Problem:
Go to the line that contains "4T1G11AKXMU425348 2021 TOYOTA CAMRY". Restate that line and each one after it exactly, through the end of the records, without pictures.

Data items
◆ ◆ ◆

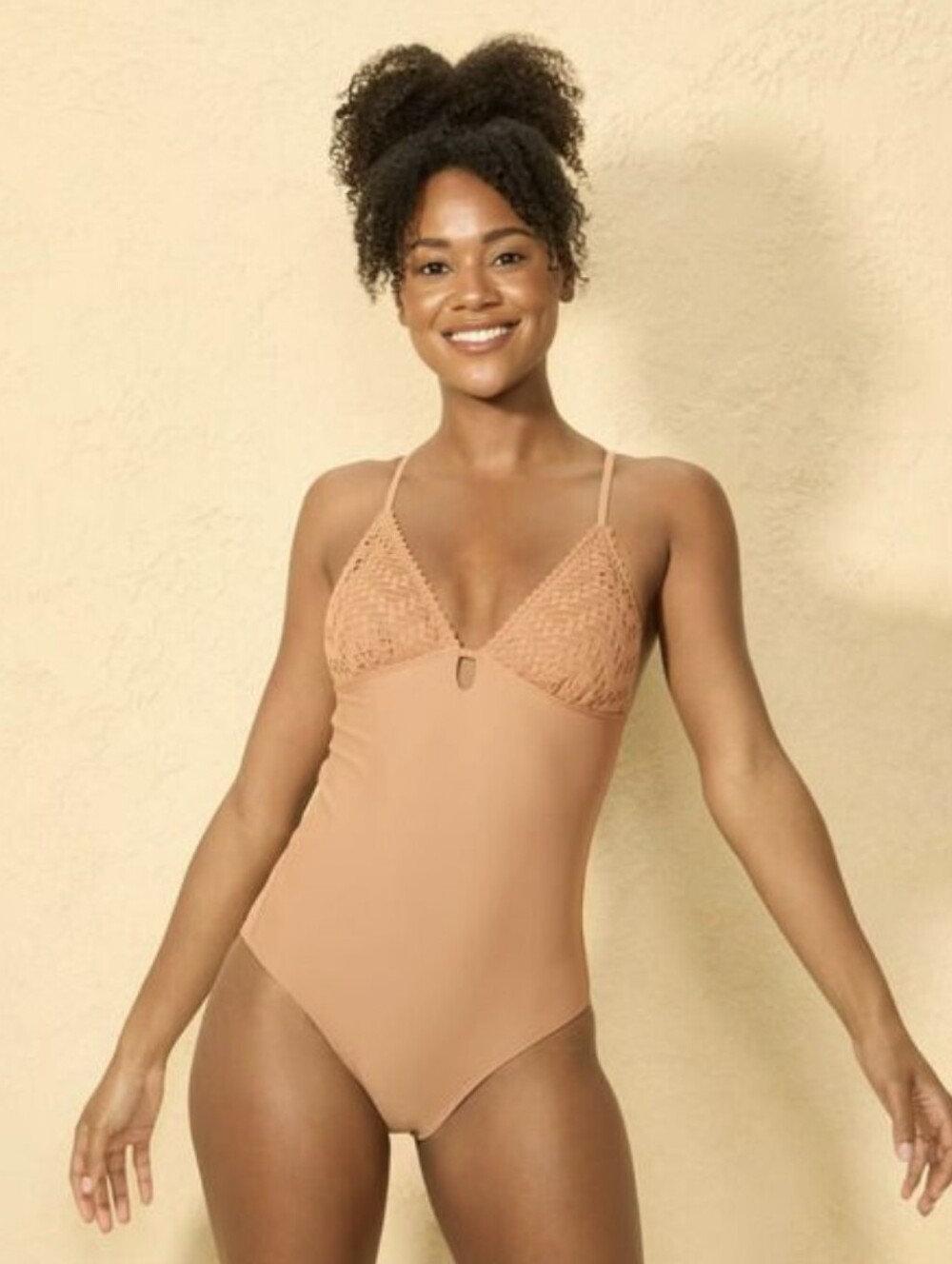 Chestnut Brown Crochet Swimsuit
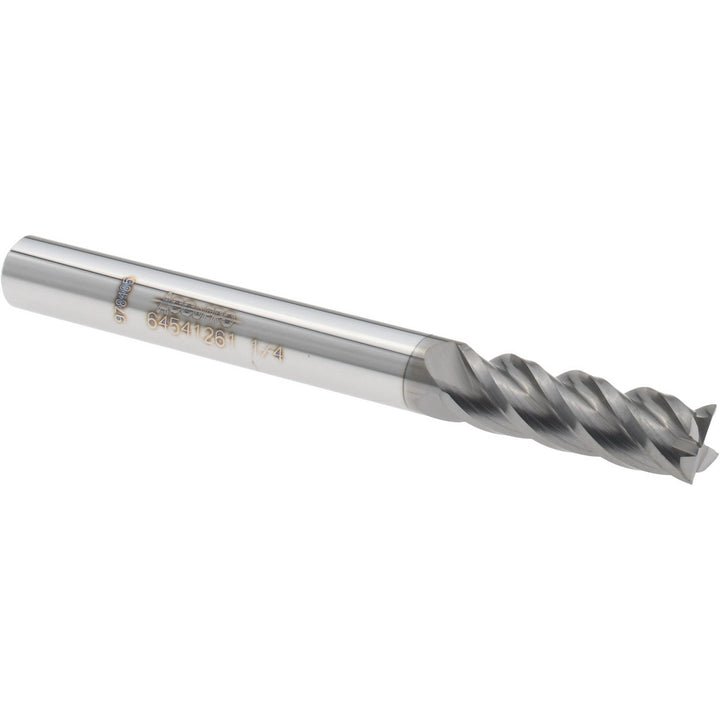 1/4" 4-Flute Solid Carbide Square End Mill, nACRo - Accupro 12178972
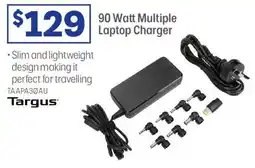 Officeworks Targus 90 Watt Multiple Laptop Charger offer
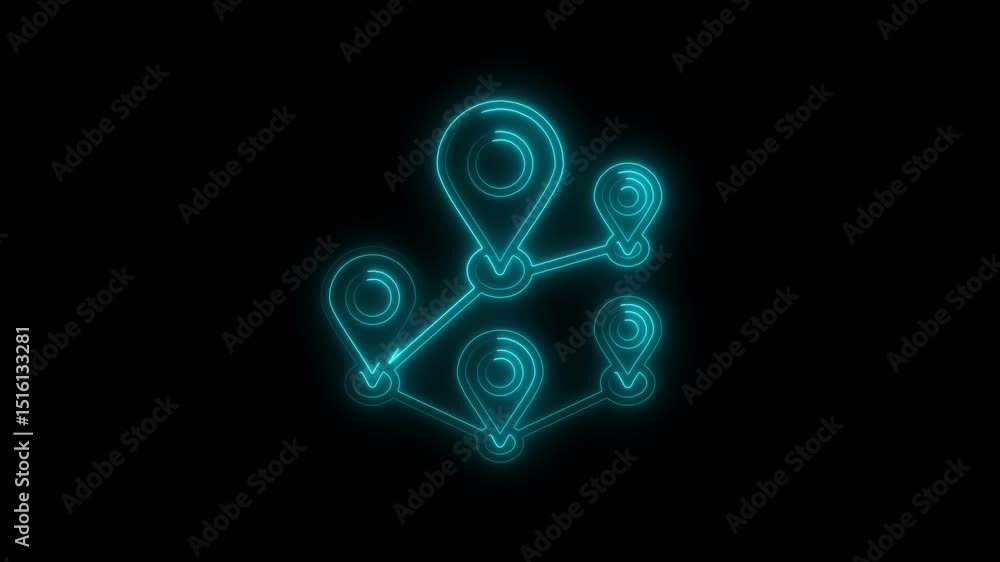 Poster illuminated neon map markers connected in a network on a dark background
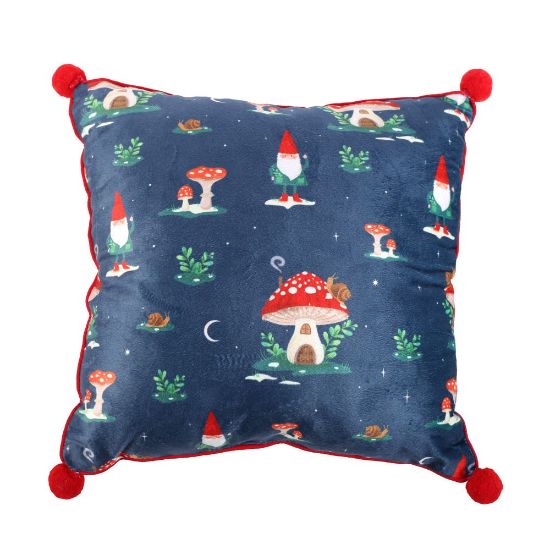 Picture of 35cm Square Gnome Print Cushion with Pom Poms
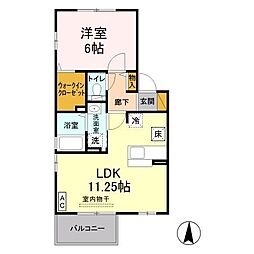 JR青梅線 中神駅 徒歩19分の賃貸アパート 2階1LDKの間取り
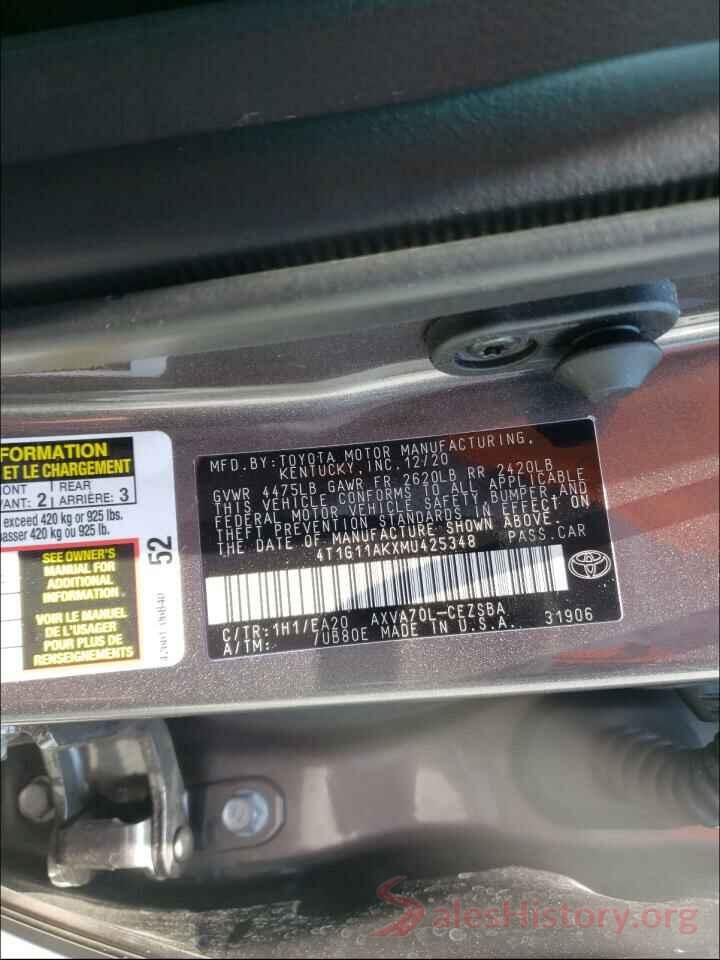 4T1G11AKXMU425348 2021 TOYOTA CAMRY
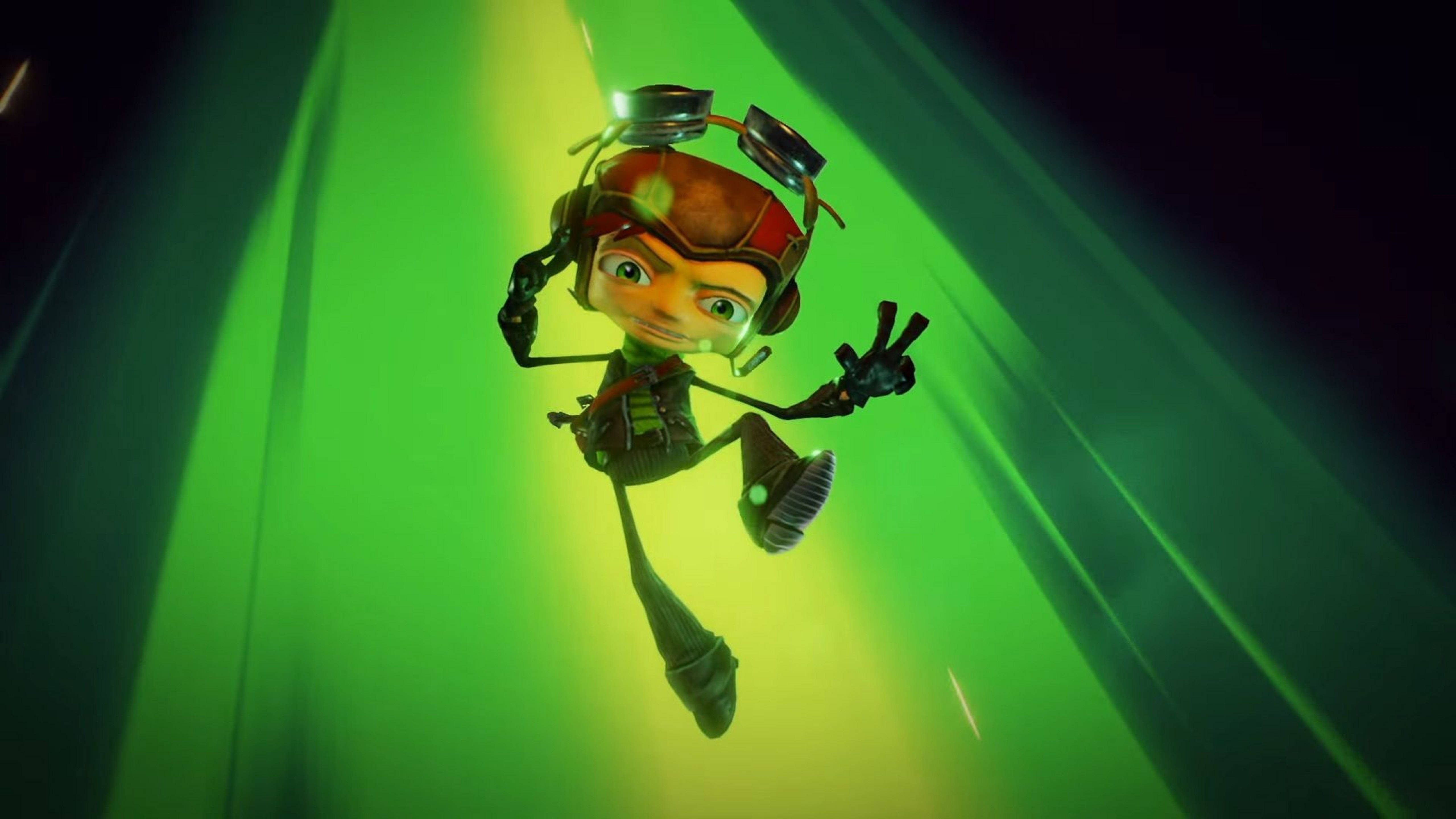 Psychonauts 桌布 壁紙 — 一個戴著頭盔和護目鏡的卡通角色，愉快地漂浮在充滿活力的綠色隧道中，揮動一隻手。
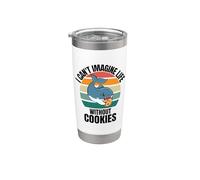 Requin mignon rétro I Can't Imagine Life Without Cookies Gobelet isotherme en acier inoxydable double paroi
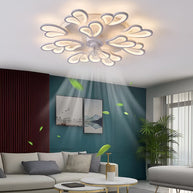 Flower-Shaped LED Ceiling Fan Light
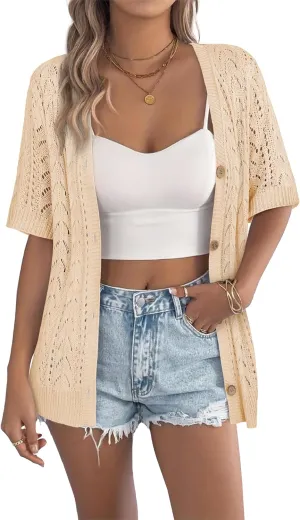 BB&KK Women's Crochet Open Front Cardigan Button Short Sleeve V Neck Soft Knitted Sweater Outerwear Cover Up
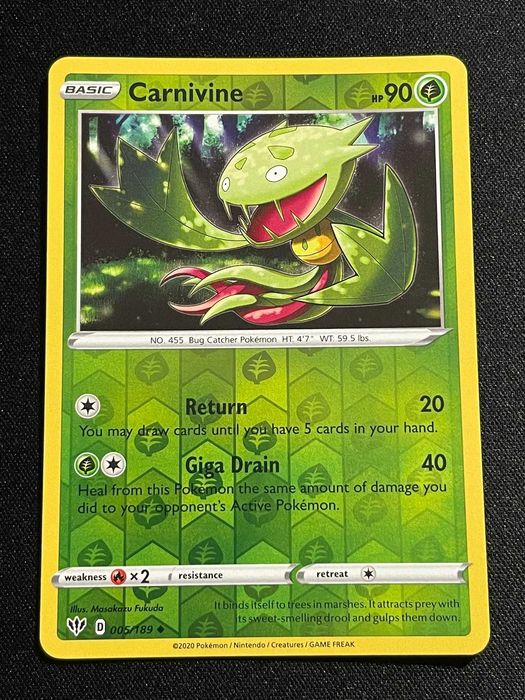 Carta Pokémon Carnivine 5/189 Darkness Ablaze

◆ ◆ ◆

Answer:
 4T1G11AKXMU425348 2021 TOYOTA CAMRY
 Psychonauts 桌布 壁紙 — 一個戴著頭盔和護目鏡的卡通角色，愉快地漂浮在充滿活力的綠色隧道中，揮動一隻手。
 Requin mignon rétro I Can't Imagine Life Without Cookies Gobelet isotherme en acier inoxydable double paroi
 Flower-Shaped LED Ceiling Fan Light
 BB&KK Women's Crochet Open Front Cardigan Button Short Sleeve V Neck Soft Knitted Sweater Outerwear Cover Up
 Carta Pokémon Carnivine 5/189 Darkness Ablaze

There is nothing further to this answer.